If you freeze the wedges in a container with a tightly fitting lid, you can pull out as many as you like at a time. They will keep well for about three months. Reheat them in the microwave.
Leftover pie can be refrigerated for up to three days and reheated in the microwave.
How to Save Time Making This Recipe
Laboring for hours over a dish has its merits, but so do does finding ways to go easy on yourself when making dinner is a nightly obligation. I used a few shortcuts to make this an easy weeknight meal.
- Use a rotisserie chicken: You won’t need a whole chicken, but leftovers can be turned into soup or chicken salad for another meal.
- Use chopped, canned green chiles instead of roasting, peeling, and chopping fresh ones.
- Use grated cheese: I probably should buy stock in grated cheese companies.

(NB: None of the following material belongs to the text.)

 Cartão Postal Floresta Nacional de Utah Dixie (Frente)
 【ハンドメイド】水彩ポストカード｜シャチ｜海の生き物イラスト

Need More Tex-Mex Dinner Ideas?
- Chicken Tortilla Soup
- Salsa Verde Chicken Enchiladas
- Slow Cooker Mexican Pulled Pork Tacos
- Red Chile Chicken Enchiladas
- Pressure Cooker Green Pork Pozole
Tamale Pie with Chicken, Green Chiles, and Cheese
For the cooked chicken needed for this recipe, pick up a rotisserie chicken or quickly poach a few chicken breasts.
- 3 cups masa harina
- 2 3/4 cups hot water
- 4 tablespoons (2 oz) unsalted butter, at room temperature, cut into thick slices
- 1 cup (about 7 ounces) cold vegetable shortening
- 1 1/2 teaspoons salt
- 2 teaspoons baking powder
- 1 tablespoon olive oil
- 1 bunch scallions, thinly sliced
- 2 (4-ounce) cans of chopped green chiles, mild or hot
- Vegetable oil spray (for the skillet)
- 1 cup fresh or frozen corn kernels
- 1/2 cup sliced cilantro leaves
- 2 cups grated Monterey jack cheese
- 2 cups shredded, cooked chicken
- 1 cup green salsa, homemade or store-bought (for serving)
Hydrate the masa harina:
In a bowl, mix the masa harina and hot water together to combine them.
Make the dough:
In the bowl of a stand mixer with the paddle attachment on medium-high speed, beat the butter, shortening, salt, and baking powder for 1 to 2 minutes, or until light and fluffy.

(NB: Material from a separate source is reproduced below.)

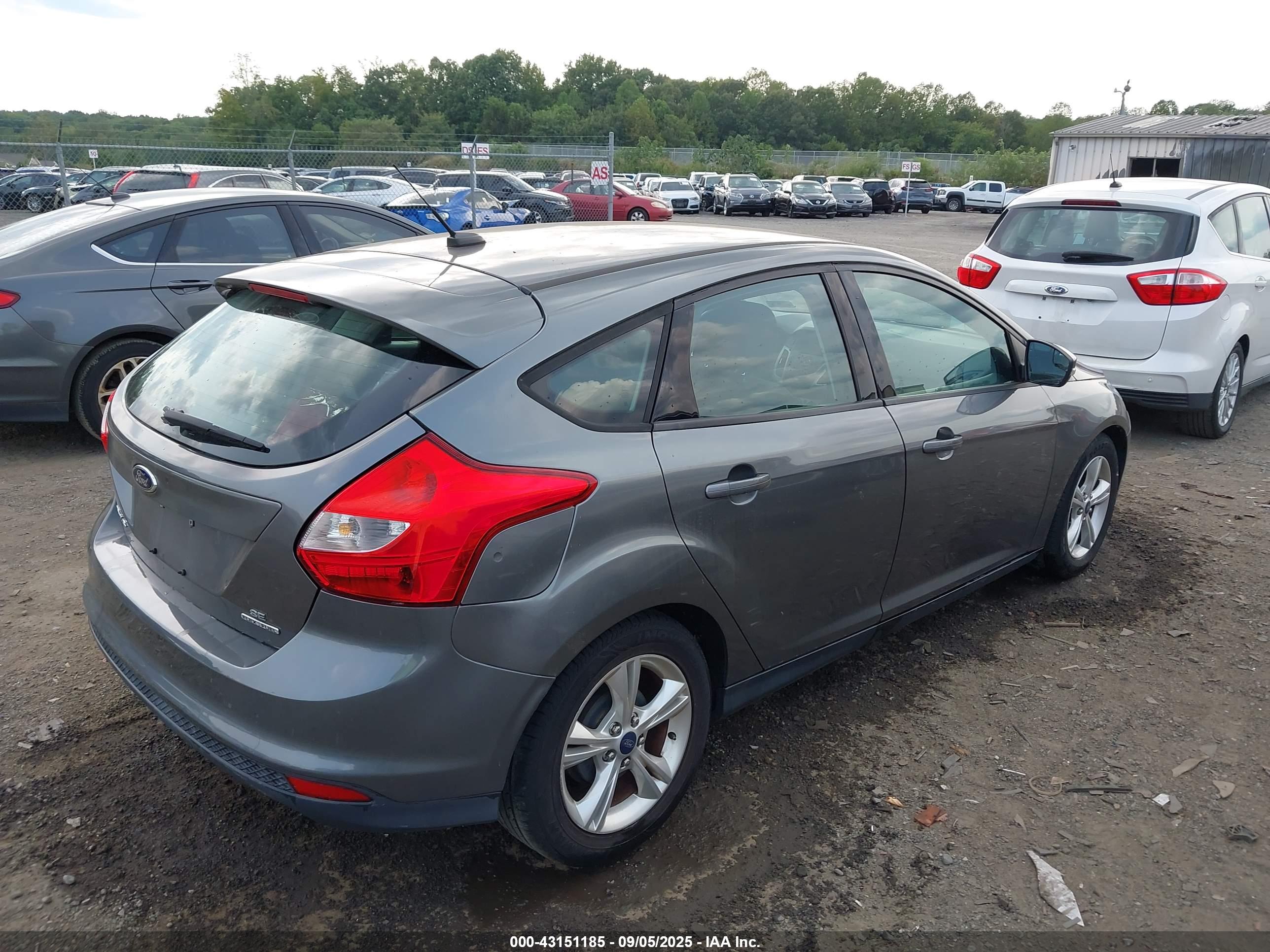 FORD FOCUS image 4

Reduce the speed to low and add the reconstituted masa harina in three additions, beating after each addition until it is incorporated. Once all the masa has been added, continue to beat on medium-high speed for another minute.

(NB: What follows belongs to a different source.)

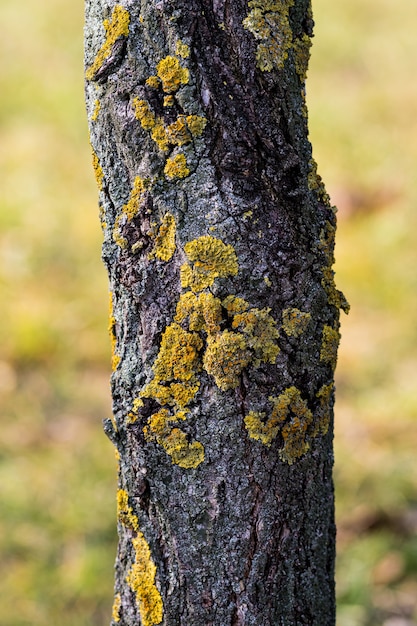 Free photo vertical closeup of a tree bark covered in mosses under the sunlight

Leave the dough in the bowl and refrigerate it while you prepare the filling.
Preheat the oven:
Set a shelf in the middle of the oven and preheat it to 375°F.
Prepare the filling:
In a small skillet set over medium heat, add the oil. When the oil shimmers, add the scallions and cook, stirring for 2 to 3 minutes, or until softened. Stir in the chiles. Set aside 1/2 cup for the topping.
Finish the dough:
Remove the dough from the refrigerator and beat it for another minute. It should look like thick cake batter and spread easily. If it seems dry, gradually beat in a little more water, one tablespoon at a time.
Remove the mixer from the stand, and with a silicone spatula, fold in the reserved 1/2 cup chile-scallion mixture, the corn, and 1/4 cup of the cilantro.
Assemble the pie:
Spray a 10-inch skillet with vegetable oil spray. Wet your hands with cool water to keep the dough from sticking to them, and press half the dough into the bottom and up the sides of the skillet. You can also use an offset spatula to do this.
Spread 1 cup of the grated cheese over the bottom of the pie. Top with all of the shredded chicken. Spread the remaining chile-scallion mixture over the chicken. Top with the remaining 1/4 cup cilantro. Spread the remaining 1 cup grated cheese on top.
Dollop large spoonfuls of the remaining dough close together all over the pie. Use the back of the spoon or an offset spatula to smooth the dough slightly, leaving a few nooks and crannies to give the top some texture.
Bake the pie:
Set the skillet in the oven and bake for 45 minutes. Set it under the broiler for an additional 3 to 5 minutes, or until it's browned in a few places. Remove and let rest for about 10 minutes. Slice into wedges, and serve with green salsa, if you like.